Re: [PATCH v3 2/9] vfio/pci: Add a helper to look up PFNs for DMABUFs

From: Matt Evans

Date: Mon Jun 15 2026 - 10:32:21 EST


Hi Praan,

On 11/06/2026 21:30, Pranjal Shrivastava wrote:
> On Wed, Jun 10, 2026 at 04:43:16PM +0100, Matt Evans wrote:
>> Add vfio_pci_dma_buf_find_pfn(), which a VMA fault handler can use to
>> find a PFN.
>>
>> This supports multi-range DMABUFs, which typically would be used to
>> represent scattered spans but might even represent overlapping or
>> aliasing spans of PFNs.
>>
>> Because this is intended to be used in vfio_pci_core.c, we also need
>> to expose the struct vfio_pci_dma_buf in the vfio_pci_priv.h header.
>>
>> Signed-off-by: Matt Evans <matt@xxxxxxxxxx>
>> ---
>> drivers/vfio/pci/vfio_pci_dmabuf.c | 137 ++++++++++++++++++++++++++---
>> drivers/vfio/pci/vfio_pci_priv.h | 20 +++++
>> 2 files changed, 144 insertions(+), 13 deletions(-)
>>
>> diff --git a/drivers/vfio/pci/vfio_pci_dmabuf.c b/drivers/vfio/pci/vfio_pci_dmabuf.c
>> index c16f460c01d6..9e5e865f6fb6 100644
>> --- a/drivers/vfio/pci/vfio_pci_dmabuf.c
>> +++ b/drivers/vfio/pci/vfio_pci_dmabuf.c
>> @@ -9,19 +9,6 @@
>>
>> MODULE_IMPORT_NS("DMA_BUF");
>>
>> -struct vfio_pci_dma_buf {
>> - struct dma_buf *dmabuf;
>> - struct vfio_pci_core_device *vdev;
>> - struct list_head dmabufs_elm;
>> - size_t size;
>> - struct phys_vec *phys_vec;
>> - struct p2pdma_provider *provider;
>> - u32 nr_ranges;
>> - struct kref kref;
>> - struct completion comp;
>> - u8 revoked : 1;
>> -};
>> -
>> static int vfio_pci_dma_buf_attach(struct dma_buf *dmabuf,
>> struct dma_buf_attachment *attachment)
>> {
>> @@ -106,6 +93,130 @@ static const struct dma_buf_ops vfio_pci_dmabuf_ops = {
>> .release = vfio_pci_dma_buf_release,
>> };
>>
>> +int vfio_pci_dma_buf_find_pfn(struct vfio_pci_dma_buf *priv,
>> + struct vm_area_struct *vma,
>> + unsigned long address,
>
> Nit: s/address/fault_addr ?

Sure.

>> + unsigned int order,
>> + unsigned long *out_pfn)
>> +{
>> + /*
>> + * Given a VMA (start, end, pgoffs) and a fault address,
>> + * search the corresponding DMABUF's phys_vec[] to find the
>> + * range representing the address's offset into the VMA, and
>> + * its PFN.
>> + *
>> + * The phys_vec[] ranges represent contiguous spans of VAs
>> + * upwards from the buffer offset 0; the actual PFNs might be
>> + * in any order, overlap/alias, etc.

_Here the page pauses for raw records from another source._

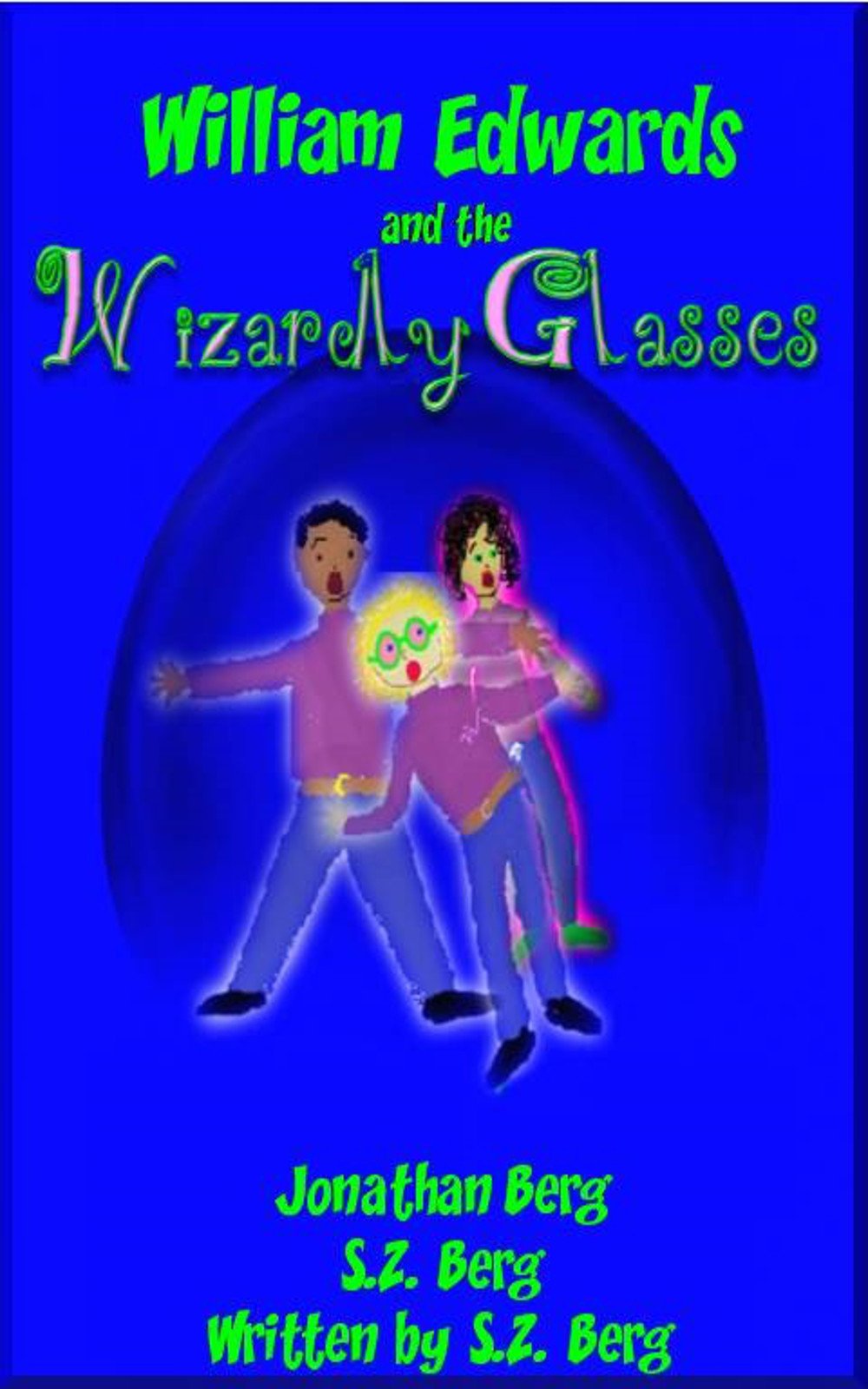 William Edwards and the Wizardly Glasses (William Edwards Book Series)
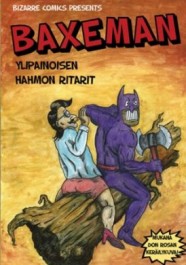 Baxeman 2 - Ylipainoisen hahmon ritarit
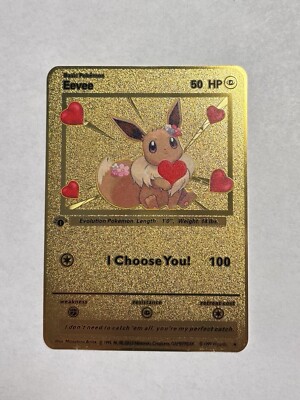 romantic pokemon cards Eevee I Choose You! Romantic High Quality Gold Metal Fan Art Card  Collectible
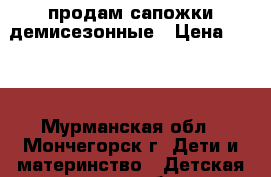 продам сапожки демисезонные › Цена ­ 600 - Мурманская обл., Мончегорск г. Дети и материнство » Детская одежда и обувь   . Мурманская обл.,Мончегорск г.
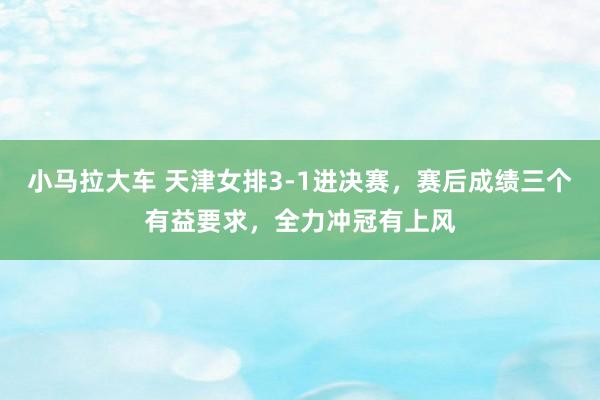 小马拉大车 天津女排3-1进决赛，赛后成绩三个有益要求，全力冲冠有上风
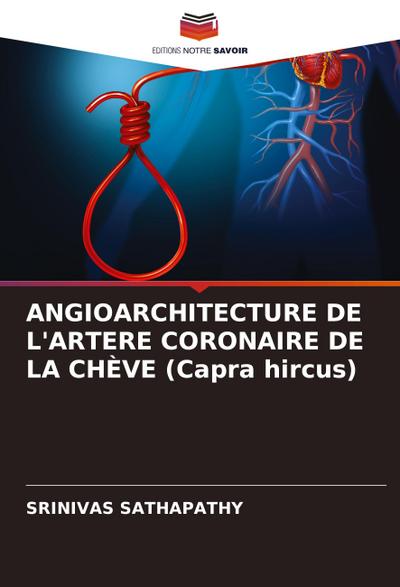 ANGIOARCHITECTURE DE L’ARTERE CORONAIRE DE LA CHÈVE (Capra hircus)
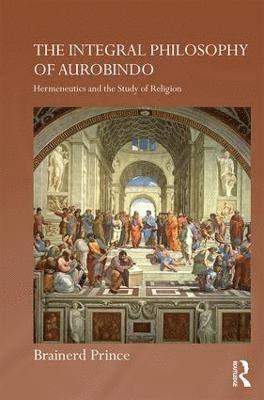 bokomslag Integral Philosophy of Aurobindo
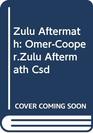 Zulu Aftermath OmerCooperZulu Aftermath Csd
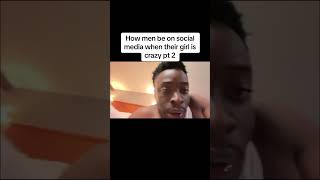 How men be on social media when their girl is crazy pt 2 [upl. by Gordie]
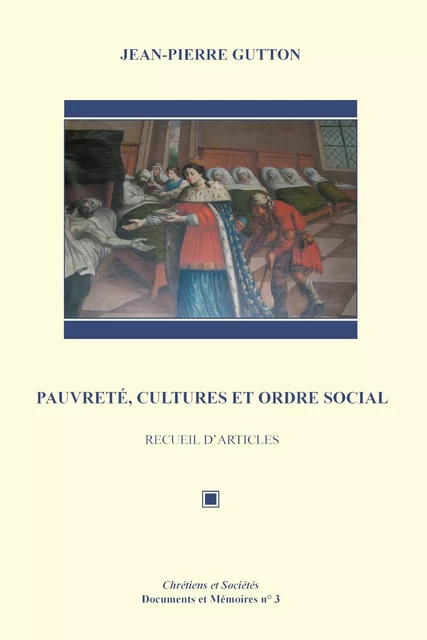 Pauvreté, cultures et ordre social - Jean-Pierre Gutton - LARHRA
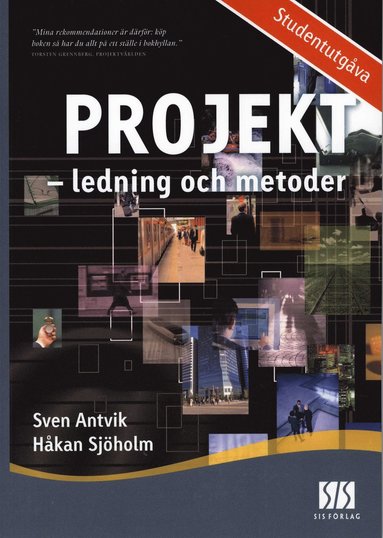 Projekt: ledning och metoder (Studentutgåva) (häftad)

Calculate an offset of
>> + * the desired page given VMA start/pgoff and address, then
>> + * search upwards from 0 to find which span contains it.
>> + *
>> + * On success, a valid PFN for a page sized by 'order' is
>> + * returned into out_pfn.
>> + *
>> + * Failure occurs if:
>> + * - The page would cross the edge of the VMA
>> + * - The page isn't entirely contained within a range
>> + * - We find a range, but the final PFN isn't aligned to the
>> + * requested order.
>> + *
>> + * (Upon failure, the caller is expected to try again with a
>> + * smaller order; the tests above will always succeed for
>> + * order=0 as the limit case.)
>> + *
>> + * It's suboptimal if DMABUFs are created with neigbouring
>> + * ranges that are physically contiguous, since hugepages
>> + * can't straddle range boundaries. (The construction of the
>> + * ranges vector should merge such ranges.)
>> + *
>> + * Finally, vma_pgoff_adjust is used for a DMABUF representing
>> + * a VFIO BAR mmap, which is created from the start of the
>> + * offset region.
>> + */
>> +
>> + const unsigned long pagesize = PAGE_SIZE << order;
>> + unsigned long vma_off = ((vma->vm_pgoff - priv->vma_pgoff_adjust) <<
>> + PAGE_SHIFT) & VFIO_PCI_OFFSET_MASK;
>> + unsigned long rounded_page_addr = ALIGN_DOWN(address, pagesize);
>> + unsigned long rounded_page_end = rounded_page_addr + pagesize;
>> + unsigned long page_buf_offset;
>> + unsigned long page_buf_offset_end;
>> + unsigned long range_buf_offset = 0;
>> + unsigned int i;
>> +
>> + if (rounded_page_addr < vma->vm_start || rounded_page_end > vma->vm_end) {
>> + if (order > 0)
>> + return -EAGAIN;
>> +
>> + /* A fault address outside of the VMA is absurd. */
>> + WARN(1, "Fault addr 0x%lx outside VMA 0x%lx-0x%lx\n",
>> + address, vma->vm_start, vma->vm_end);
>
> This could flood dmesg if triggered repeatedly by userspace :(
> Since a fault outside the VMA is an invalid access that already results
> in a SIGBUS, we could probably avoid the WARN here?
> Perhaps pr_warn_ratelimited() should suffice?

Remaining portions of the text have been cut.